Officials at staffing firms Adecco and Xpheno said they expect employees to mostly toe the line as companies call them back to offices.

“Threats of this nature might have had teeth a few months back in the candidate controlled job market,” said Anil Ethanur, cofounder at Xpheno. But now, with fewer jobs chasing talent and more employers returning to hybrid or work from office (WFO), candidates have fewer choices for fulltime WFH, he said.

“If anything, threats to quit in response to WFO can at best be a paper tiger in the current scenario,” Ethanur said.

IT companies are facing multiple challenges in a remote working setup, experts said.

“On one hand, they are facing a slowdown in new orders and even in the pace of existing projects.

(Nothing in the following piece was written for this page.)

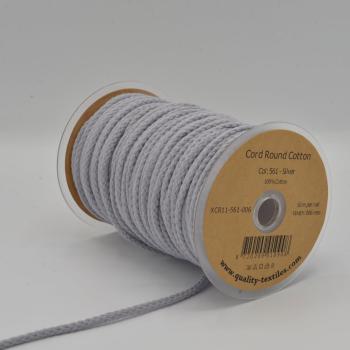 Preview: Kordel rund 6 mm Uni in Silbergrau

On the other hand, they are worried about moonlighting (among employees) and concerned about employee productivity,” said Misra of CIEL.

Top IT companies have started urging employees to return to office.

HCL Tech is encouraging employees to come three days a week to offices, its chief people officer Ramachandran Sundararajan said at the company’s second quarter results briefing earlier this week.

Employees at TCS are also expected to come to offices three days a week while Infosys is allowing employees to work from home with
no mandated fixed number of days in office.

Returning to office is especially difficult for scores of IT employees who had relocated to their hometowns or elsewhere away from the office location during the pandemic, experts said.

“With most companies mandating employees to come to offices for at least three days a week, there is certainly a resistance from a fraction of employees,” Adecco India director Ramesh Alluri Reddy said. “From a company perspective, they are losing out on culture in a remote working set up,” he added.